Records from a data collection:
════════════════════

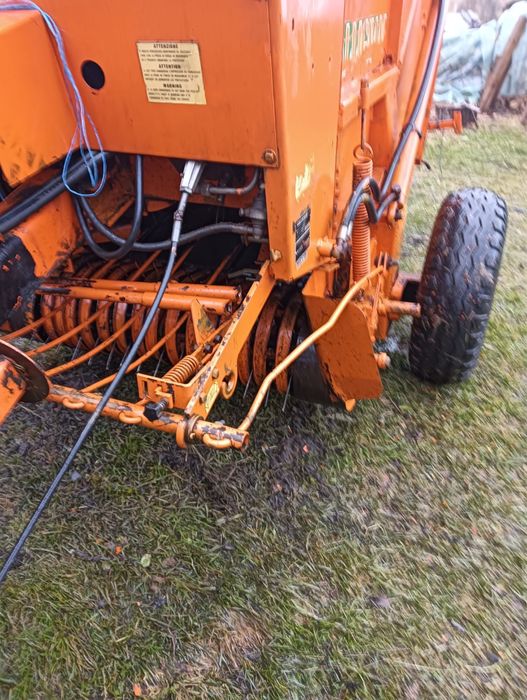 Presa de balotat rotunda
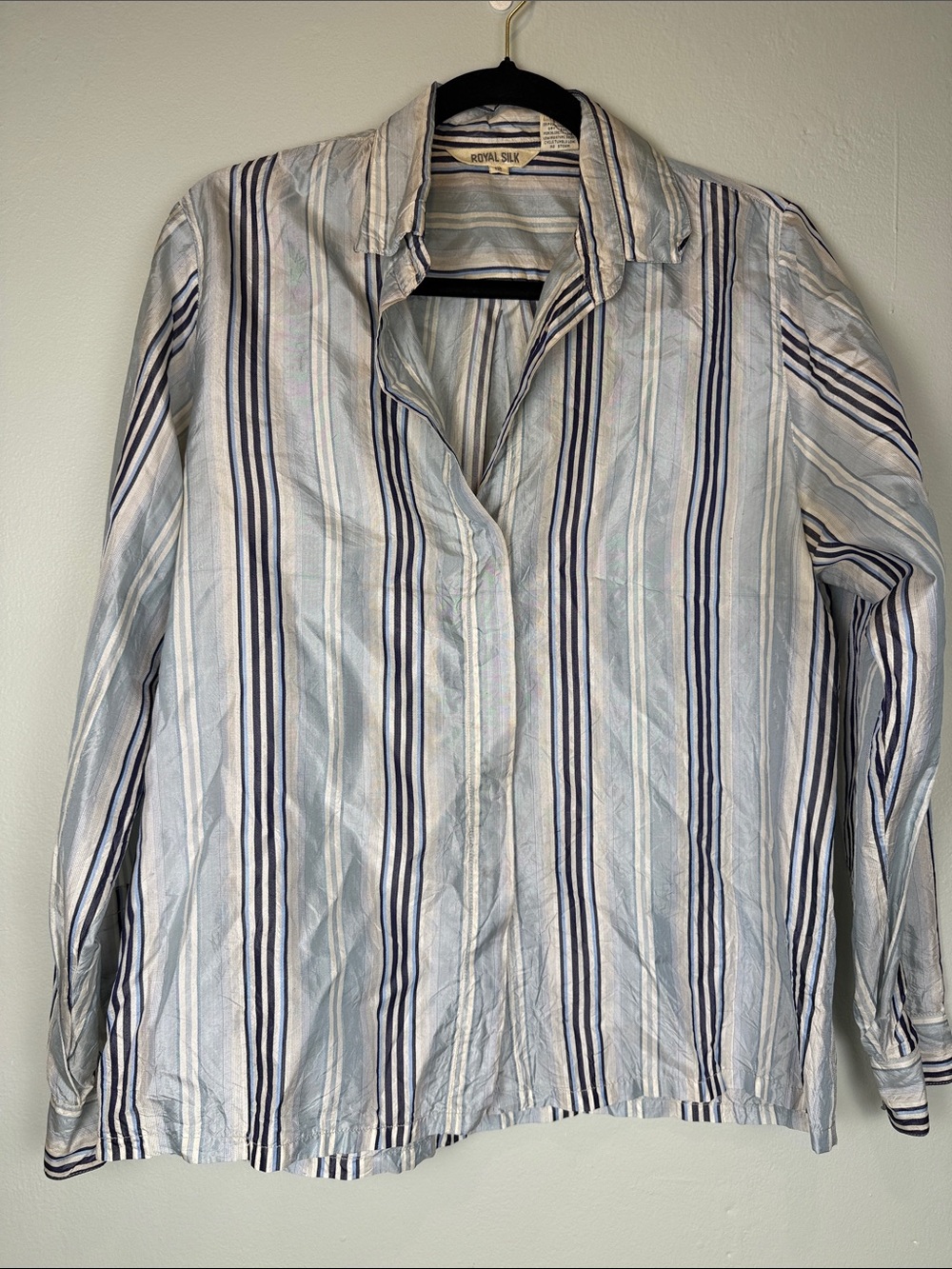 ✨Vintage Royal Silk Striped Button Up Shirt Pastel Blue Size 12 GUC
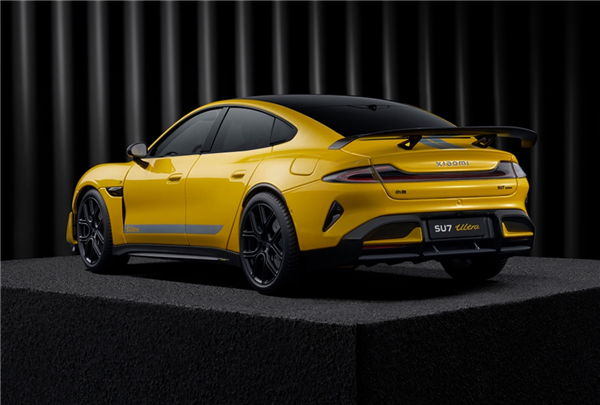 小米SU7 Ultra車模秒售罄!雷軍:手工制作 產能很低(圖1) 小米SU7 Ultra車模秒售罄!雷軍:手工制作 產能很低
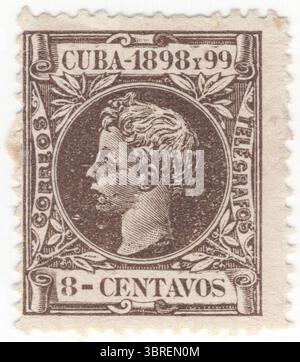 KUBA - 1898: 8 Centavo-graubraune Briefmarke mit Porträt von König Alfonso XIII., auch bekannt als El Africano oder Afrikaner für seine afrikanistischen Ansichten. Er war König von Spanien von 1886 bis zum 14. April 1931, als die zweite spanische Republik ausgerufen wurde. Bei der Geburt wurde er Monarch, da sein Vater Alfonso XII. Im vergangenen Jahr gestorben war. Seine Mutter Maria Christina von Österreich war Regentin, bis er 1902 die volle Macht übernahm. Für seine Bemühungen beim Europäischen Kriegsministerium während des Ersten Weltkriegs erhielt er 1917 eine Nominierung für den Friedensnobelpreis Stockfoto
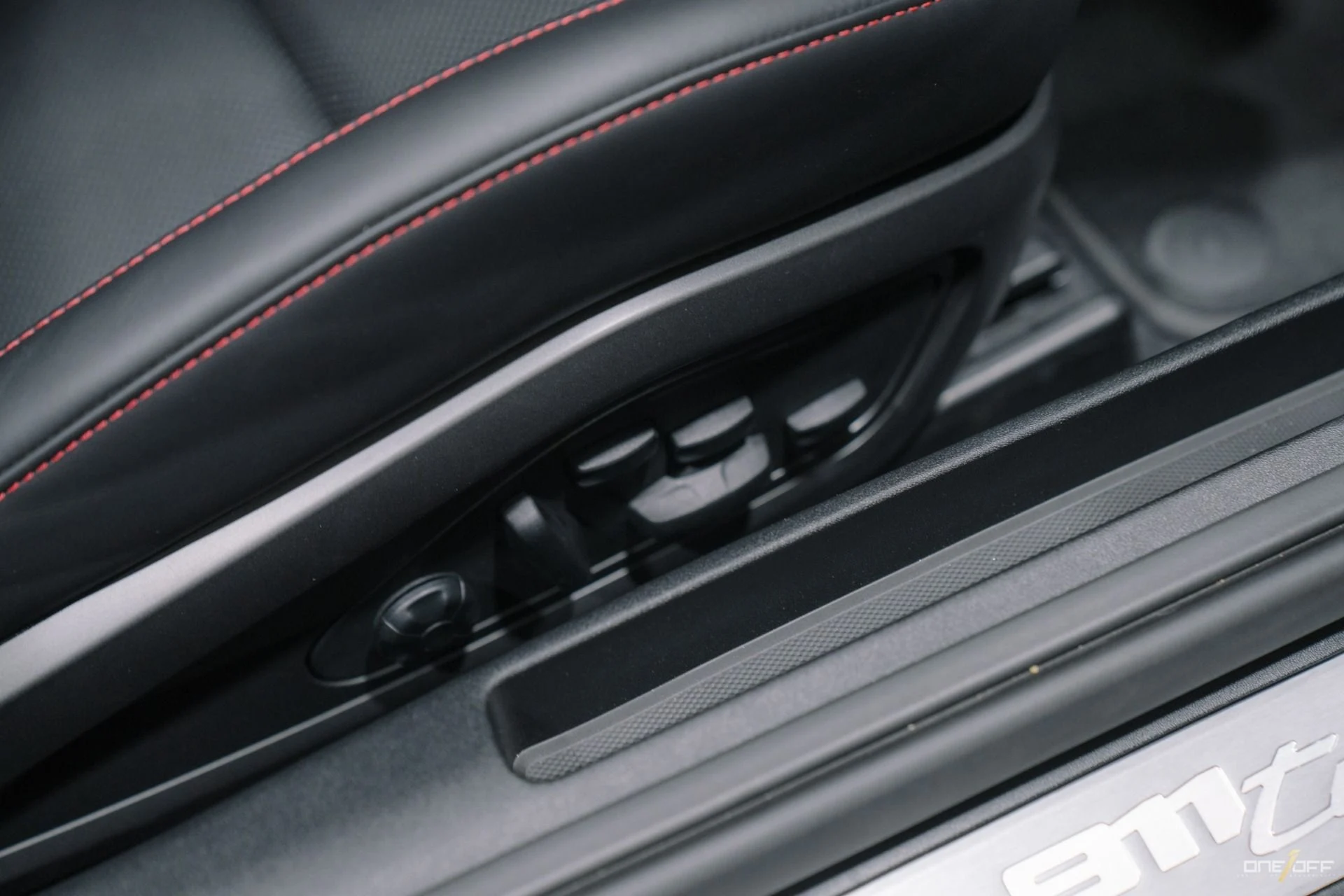 mph027_1017232759_Used_2023_Porsche_911_Turbo_S_w_Akrapovic_1016_industries_9_Design_Carbon_Bodykit_1759954793_6e56142f39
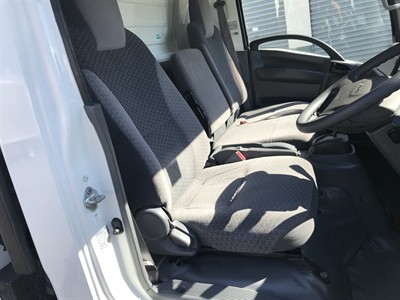 2017 Isuzu Elf - Thumbnail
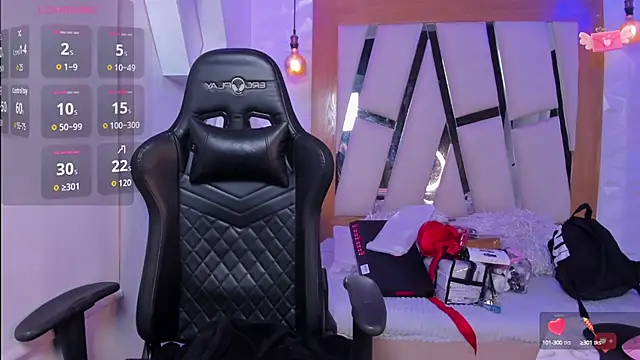 ary cooper  online show from October 17, 2025, 12:41 pm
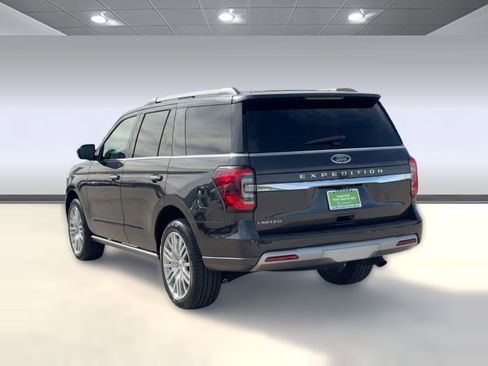 Used 2024 Ford Expedition Limited image 3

════════════════════

Exercise brief
Print, exactly as written, the lines above from the first one to the one containing "小米SU7 Ultra車模秒售罄!雷軍:手工制作 產能很低(圖1)". Leave out pictures.

Response for this exercise
 Presa de balotat rotunda
 ✨Vintage Royal Silk Striped Button Up Shirt Pastel Blue Size 12 GUC
 小米SU7 Ultra車模秒售罄!雷軍:手工制作 產能很低(圖1) 小米SU7 Ultra車模秒售罄!雷軍:手工制作 產能很低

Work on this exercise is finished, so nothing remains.